I often hear people make comments about wishing they could get an interview with God. I’ve made them myself. It’s what Job wanted and got in the end (Job 38-42). But it didn’t work out quite the way he’d imagined. Job found that all the questions he had for God melted like snow in the blast of a furnace. God questioned him.

Well, I expect a letter from God to us would also be a bit different than we imagine. This is GOD after all. If he is the big cheese we are like crumbs of Parmesan before him. No, like the dust of the dust of a crumb of Parmesan (Isaiah 40:8). I can’t remember the last time he came to me for advice, or even my opinion. In fact, he seems to have a long list of things for me to work on. Go figure.

Anyway, the people back there in Babylon were feeling fearful, bitter and vengeful as we saw in Psalm 137, and Jeremiah gets wind of it back in Jerusalem. -- Perhaps someone sent a copy of the new psalm for his encouragement. -- So he writes them a letter which he says is from God. You may doubt that it really is. I’m sure many of them doubted it. But it sure sounds like God to me.

Jeremiah 29:4-7 This is what the LORD Almighty, the God of Israel, says to all those I carried into exile from Jerusalem to Babylon: "Build houses and settle down; plant gardens and eat what they produce. Marry and have sons and daughters; find wives for your sons and give your daughters in marriage, so that they too may have sons and daughters. Increase in number there; do not decrease. Also, seek the peace and prosperity of the city to which I have carried you into exile. Pray to the LORD for it, because if it prospers, you too will prosper." (There’s more if you want to check it out.)

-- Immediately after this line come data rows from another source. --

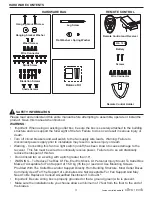 Предварительный просмотр 3 страницы Allen + Roth 0803776 Manual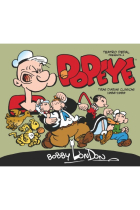 Popeye -Tiras diarias clásicas 1986-1989-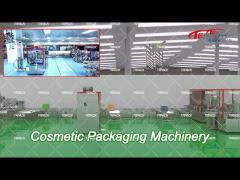 Terry High Capacity Cosmetic Packaging Machinery OEM ODM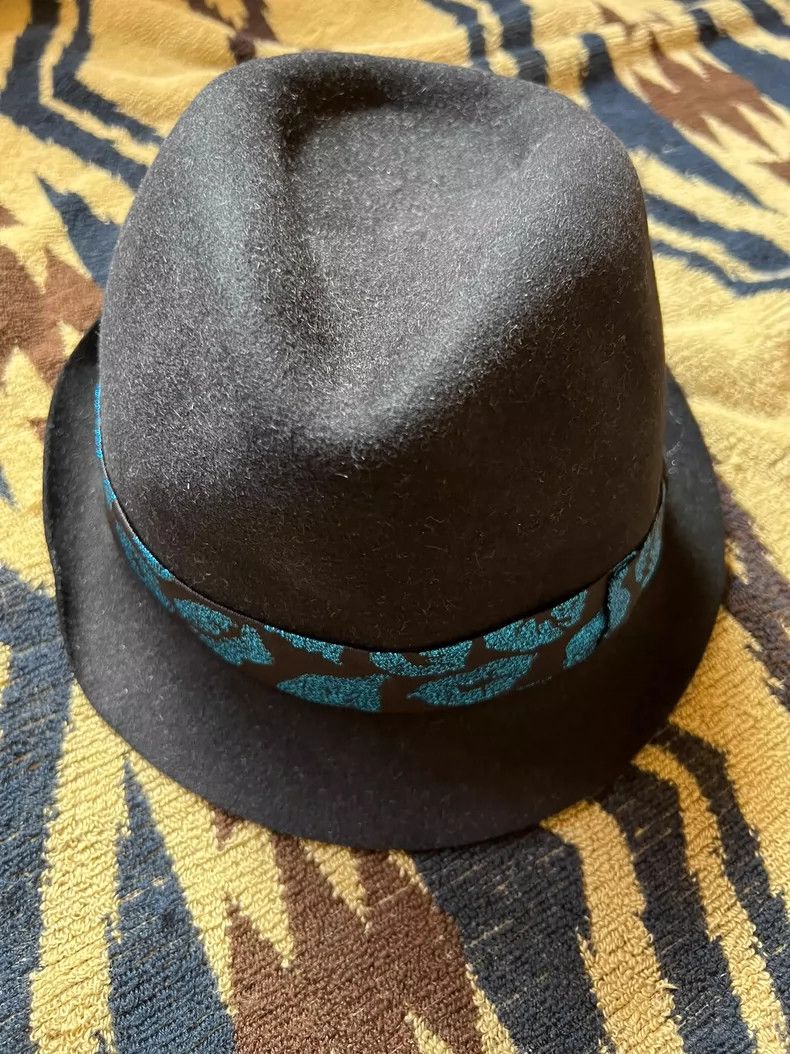 Wacko Maria Wacko maria Gentleman's top hat, details for your referenc Size ONE SIZE - 3 Thumbnail
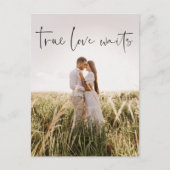 Carte postale Changement de Faire-part Mariage rep (Devant)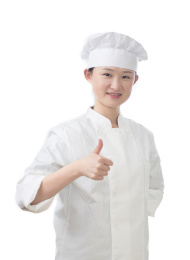 女糕点师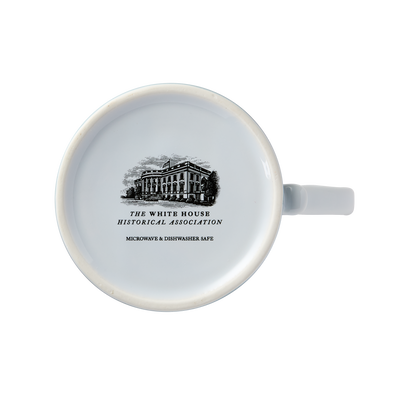 White House Architecture Espresso Cups with Saucers, Set of Two – White  House Historical Association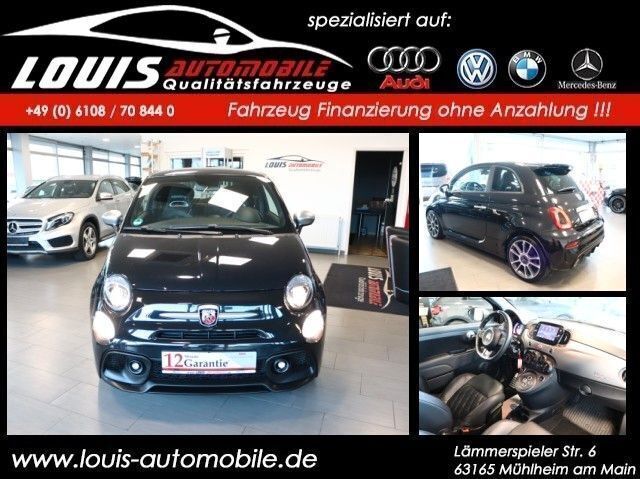 Schwarz Gebraucht 2023 Abarth 595 Turismo Kleinwagen | 20.600 € (Guter Preis) - Bild 1/4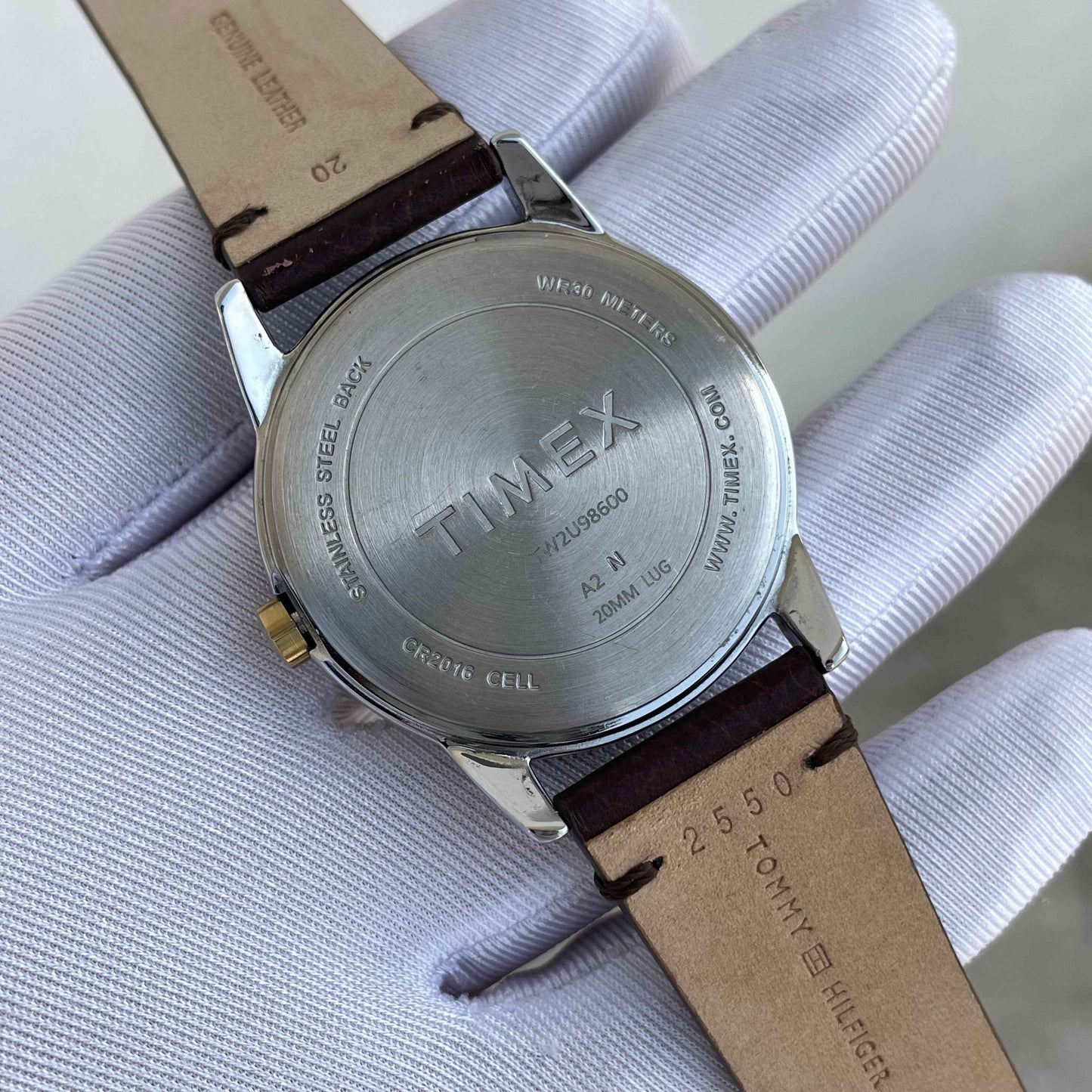 Timex Indiglo Quartz - Two Tone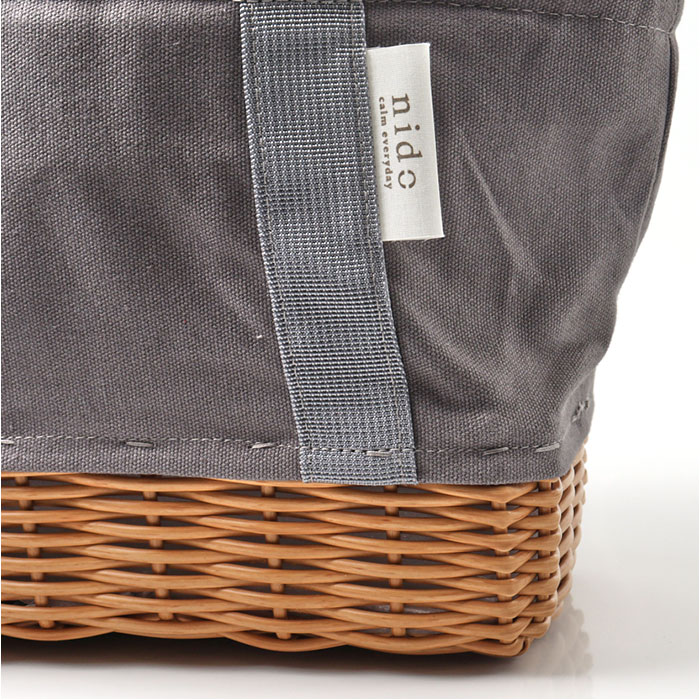 ランチバッグ NIDO ランチバッグ 保冷 通販 ランチバスケット ランチバック カゴ付きバッグ カゴ付きバック キャンバストート 保冷バッグ 保冷バック 手提げ |  | 09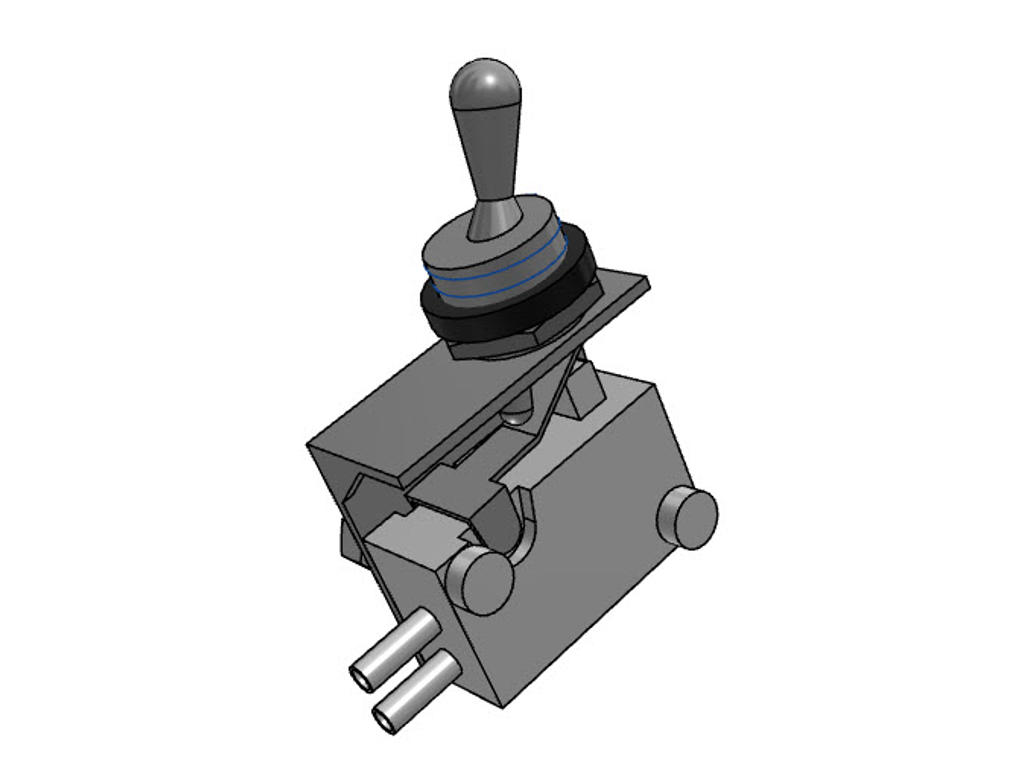 SMC VM1000-4NU-08 Ventil vippekontakt
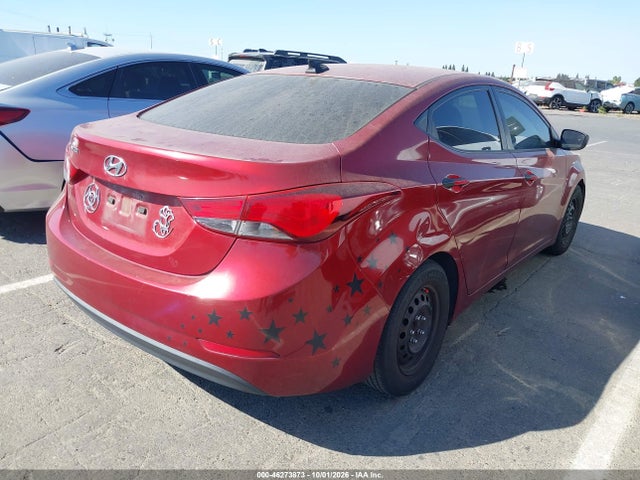 Hyundai ELANTRA SE 2016 5NPDH4AE0GH710959 Image 4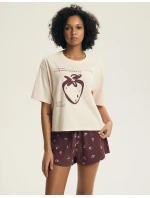 Henderson Dámské pyžamo 44474 Evika kr/r S-3XL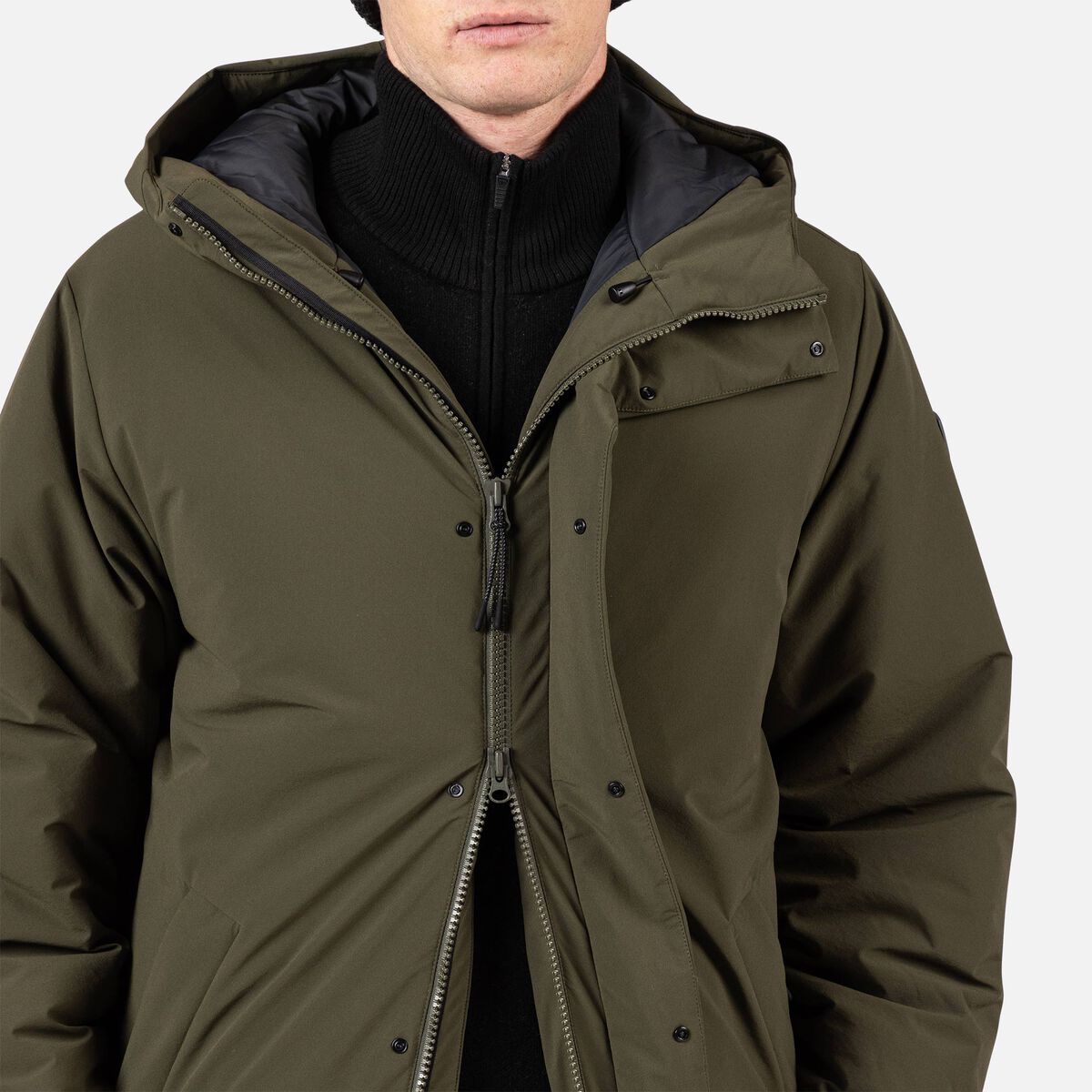 Men's Chavanette Insulated Parka Olive Shadow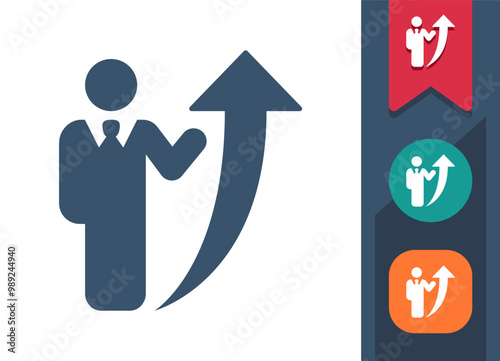 Businessman, Politician, Lawyer, Banker Icon 1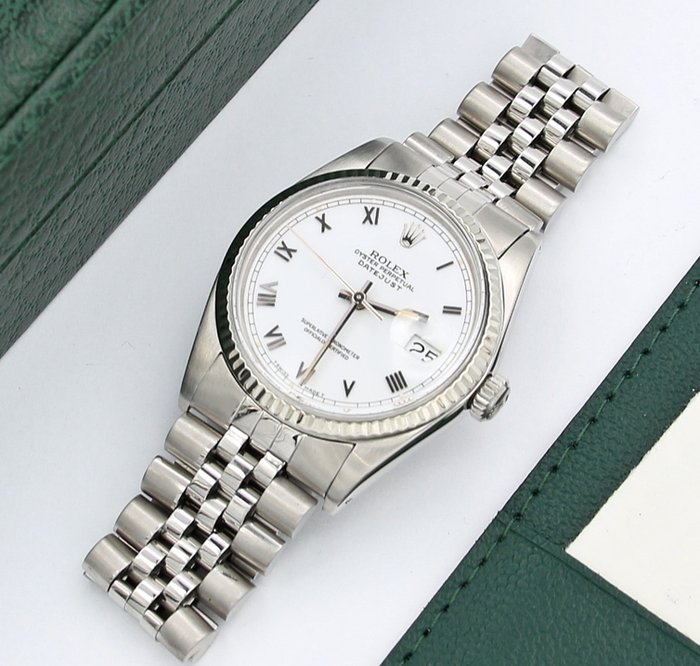 Rolex - Oyster Perpetual Datejust - 16014 - Unisex - 1980-1989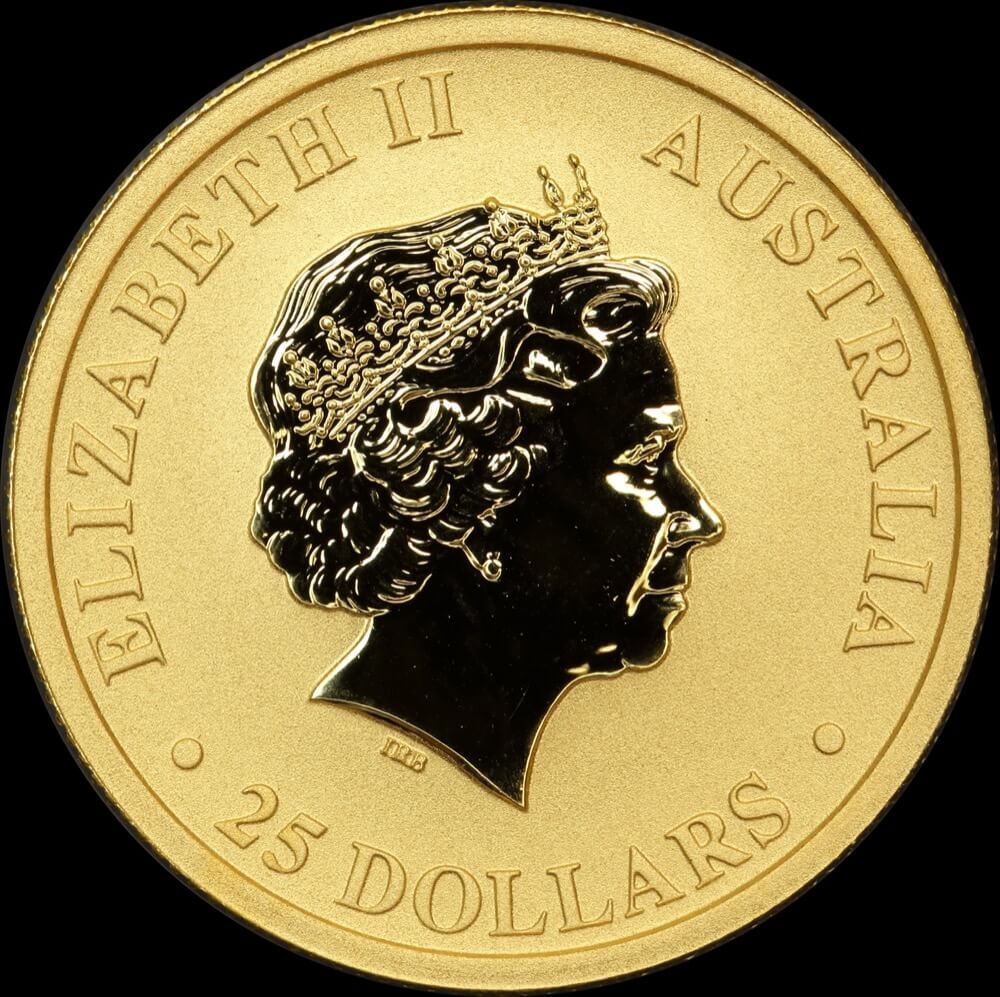 Australian 2014 Gold 1/4oz Specimen Coin Kangaroo product image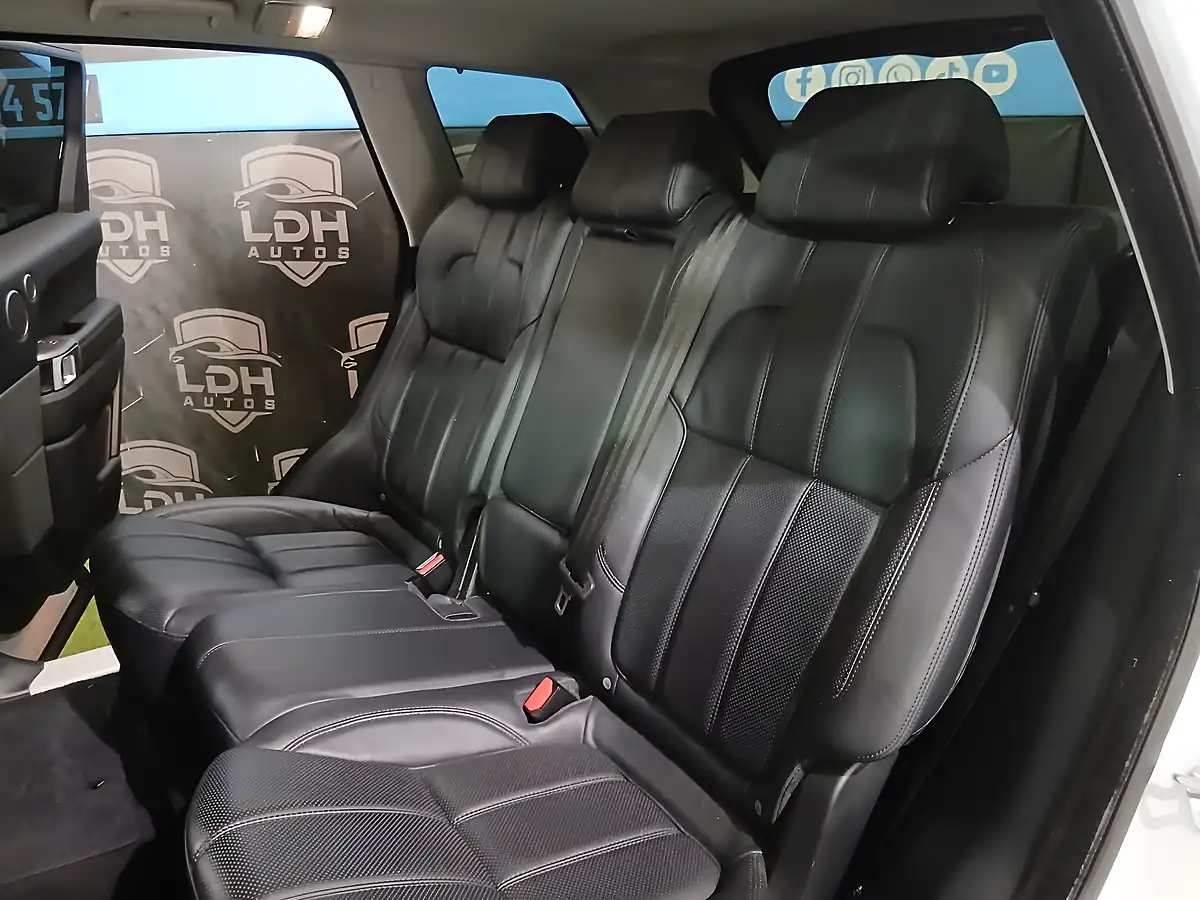 Used 2016 Land Rover Range Rover Sport Hse White - Interior and Exterior details 17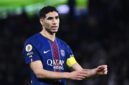 Bek PSG, Achraf Hakimi, akan menjalani persidangan kasus dugaan pemerkosaan. (Foto: Nicolas Gaudin/Eurasia Sport Images/Getty Images)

What is God saying in this letter to his people in their Babylon? What might he be saying to us in ours?

4 comments:

Anonymous said...

Isn't God's purpose for the jews who are in exile in Babylon,the realization of their waywardness from God and to seek Him? So is our Babylon a journey towards God and a longing to be with Him someday?

Jim Parsons said...

Hi

This is also an interesting one for me -- because with Ezra and Nehemiah - wasn't it that God then separated families because they were not pure blood? And, while (1) I like and can get my head around the citation and (2) there are some things where "My ways are not your ways..." I don't get how in one place they (we, by implication) are asked to do one thing then punished for doing it.

Anonymous said...

I think that God is telling us to live our lives wherever we find ourselves. Instead of crying about what is wrong with where we are we need to carry on from here.
Another thing that this passage touches on is the issue that we prosper (or not) along with the rest of our society. Sometimes this can be problematic. If my country makes a policy that might be against my conscience, I still share in the consequences of that decision whether positive or negative. So I need to care about my country and not just about myself.

Dan Colborne said...

Re: Jim Parson's comment.
Throughout the scriptures there's an ongoing tension over how God's people should relate to the surrounding peoples. Most of the Old Testament emphasizes separation, though there are points of engagement. The New Testament then emphasizes engagement, though the problem of distinctiveness remains. This ambivalence is illustrated in the fact that, though the bible takes a dim view of Christians marrying non Christians, statistics show that more people are converted to Christ by marrying a Christian than any other way. Even so, I counsel my flock to work a little harder on the other ways.